◆ EXERCISE:
An exact copy of the lines of the listing below between the "Warm spice-brown and" line and the "mucker bucket - treestand" line, both included, is the whole answer; please omit the pictures.

◆ GIVEN ENTRIES:
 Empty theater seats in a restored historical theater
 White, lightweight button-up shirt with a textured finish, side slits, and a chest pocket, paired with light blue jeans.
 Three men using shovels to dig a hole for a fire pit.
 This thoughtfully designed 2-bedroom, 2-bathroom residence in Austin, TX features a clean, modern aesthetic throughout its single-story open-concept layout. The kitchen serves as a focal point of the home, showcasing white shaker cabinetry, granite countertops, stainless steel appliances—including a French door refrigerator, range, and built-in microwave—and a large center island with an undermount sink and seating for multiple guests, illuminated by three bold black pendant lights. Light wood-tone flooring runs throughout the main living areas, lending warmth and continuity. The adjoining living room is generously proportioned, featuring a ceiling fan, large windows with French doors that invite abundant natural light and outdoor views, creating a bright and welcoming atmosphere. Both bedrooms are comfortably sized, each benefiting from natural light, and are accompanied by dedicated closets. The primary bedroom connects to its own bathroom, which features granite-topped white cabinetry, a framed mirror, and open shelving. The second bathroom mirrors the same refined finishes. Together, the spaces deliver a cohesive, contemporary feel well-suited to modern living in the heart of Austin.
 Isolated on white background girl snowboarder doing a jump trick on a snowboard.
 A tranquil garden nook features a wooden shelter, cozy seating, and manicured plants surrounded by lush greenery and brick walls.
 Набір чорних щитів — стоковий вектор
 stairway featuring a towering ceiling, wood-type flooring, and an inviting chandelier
==
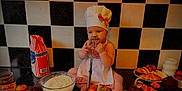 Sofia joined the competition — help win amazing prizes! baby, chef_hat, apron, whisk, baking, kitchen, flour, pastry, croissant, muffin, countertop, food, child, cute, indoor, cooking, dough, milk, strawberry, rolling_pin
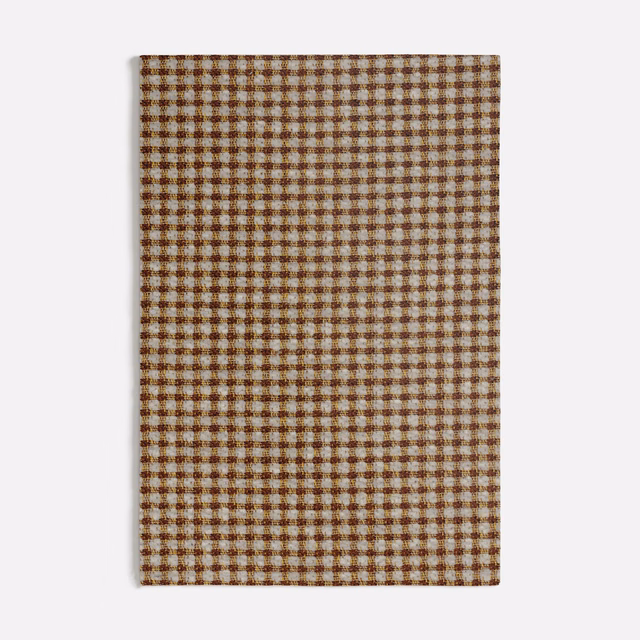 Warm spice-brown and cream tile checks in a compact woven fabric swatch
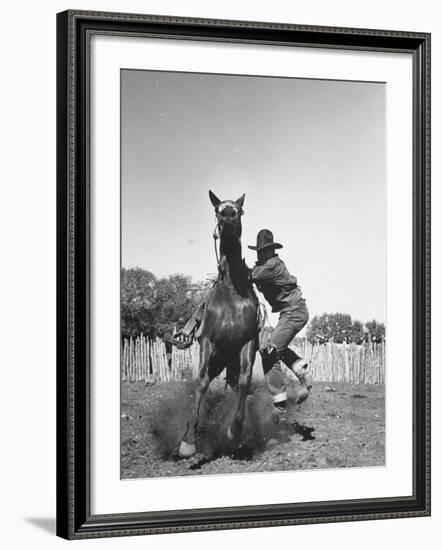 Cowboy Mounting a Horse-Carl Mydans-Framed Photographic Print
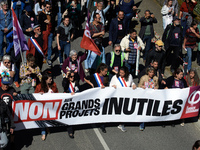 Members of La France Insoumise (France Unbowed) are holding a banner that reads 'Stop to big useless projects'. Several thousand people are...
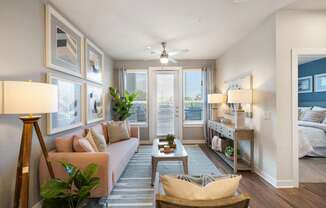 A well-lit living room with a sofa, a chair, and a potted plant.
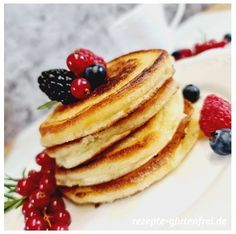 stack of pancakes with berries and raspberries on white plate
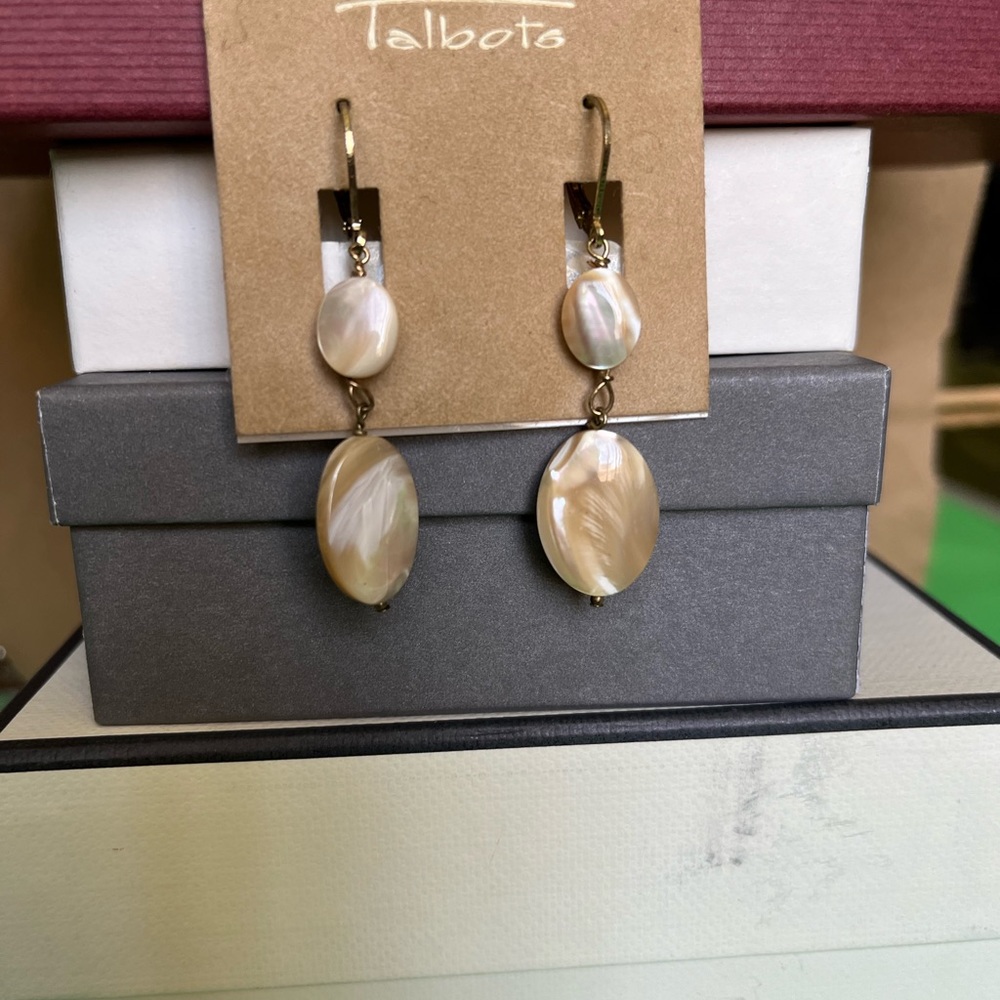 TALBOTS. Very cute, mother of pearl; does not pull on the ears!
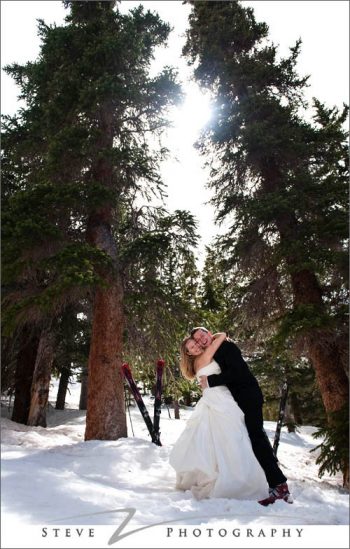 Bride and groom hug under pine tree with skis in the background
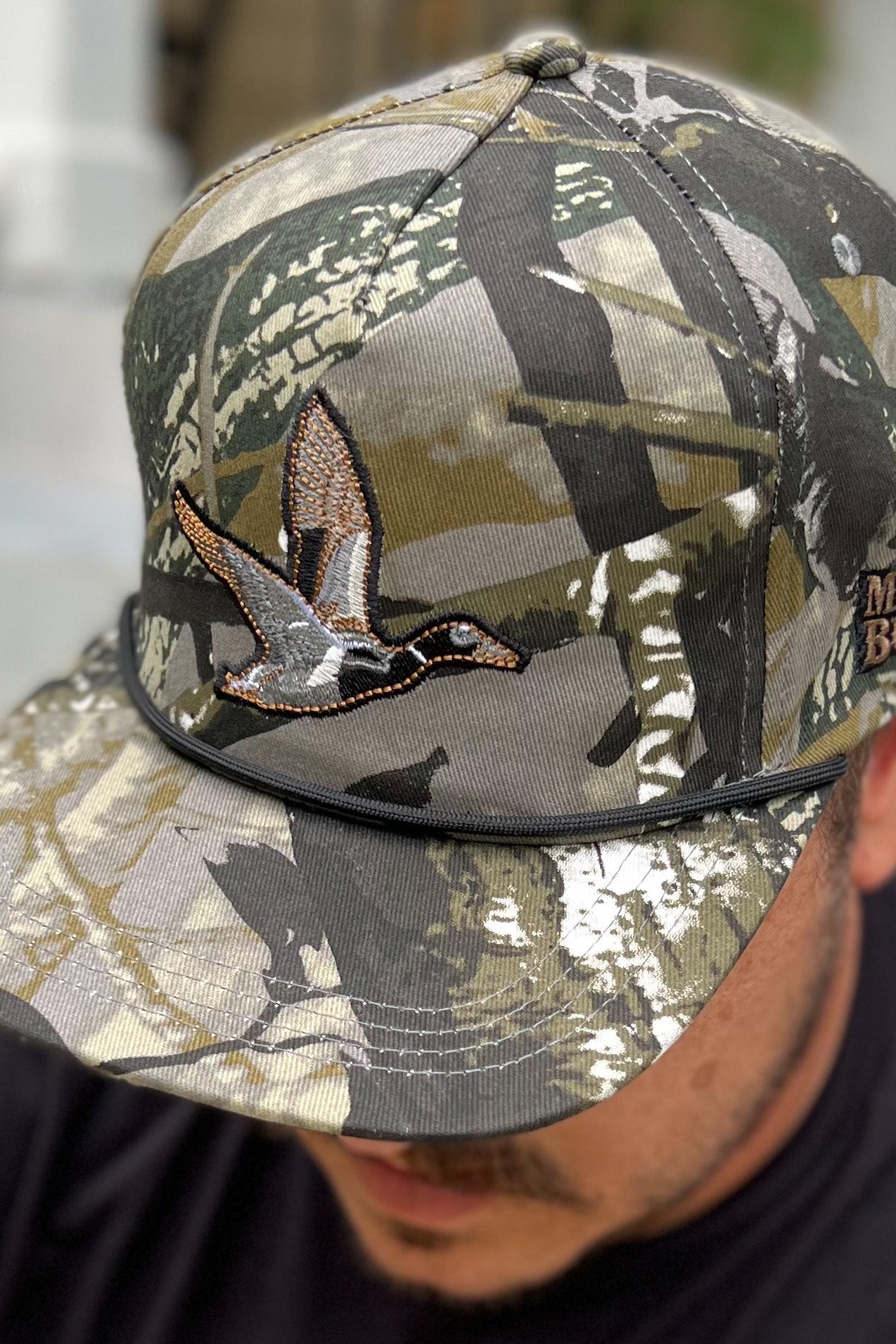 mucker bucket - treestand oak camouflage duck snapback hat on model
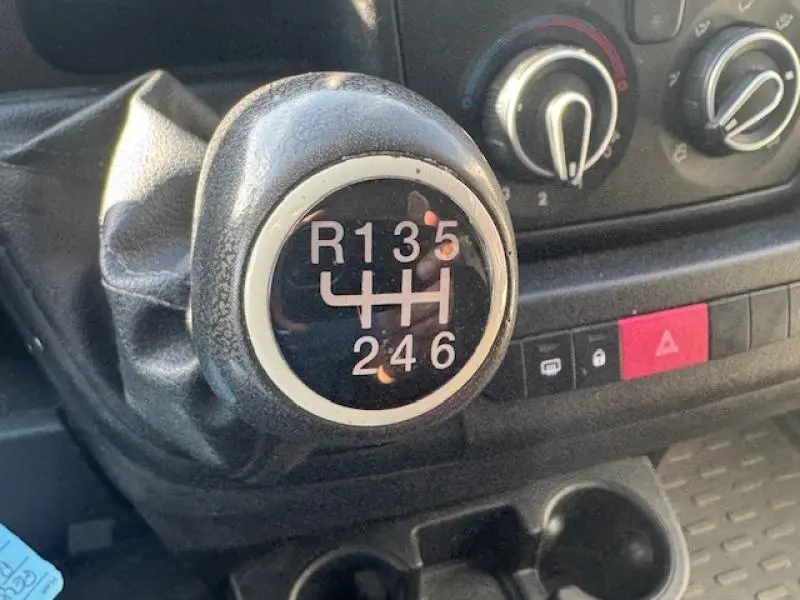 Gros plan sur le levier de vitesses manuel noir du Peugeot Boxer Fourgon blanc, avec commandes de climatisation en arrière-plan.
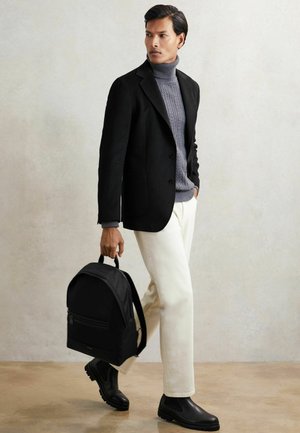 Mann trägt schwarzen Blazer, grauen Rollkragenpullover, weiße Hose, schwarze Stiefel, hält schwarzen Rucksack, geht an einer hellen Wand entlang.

◆ ANSWER SPACE:
 Warm spice-brown and cream tile checks in a compact woven fabric swatch
 Cowboy Mounting a Horse-Carl Mydans-Framed Photographic Print
 Members of La France Insoumise (France Unbowed) are holding a banner that reads 'Stop to big useless projects'. Several thousand people are...
 A well-lit living room with a sofa, a chair, and a potted plant.
 stack of pancakes with berries and raspberries on white plate
 TALBOTS. Very cute, mother of pearl; does not pull on the ears!
 Bride and groom hug under pine tree with skis in the background
 mucker bucket - treestand oak camouflage duck snapback hat on model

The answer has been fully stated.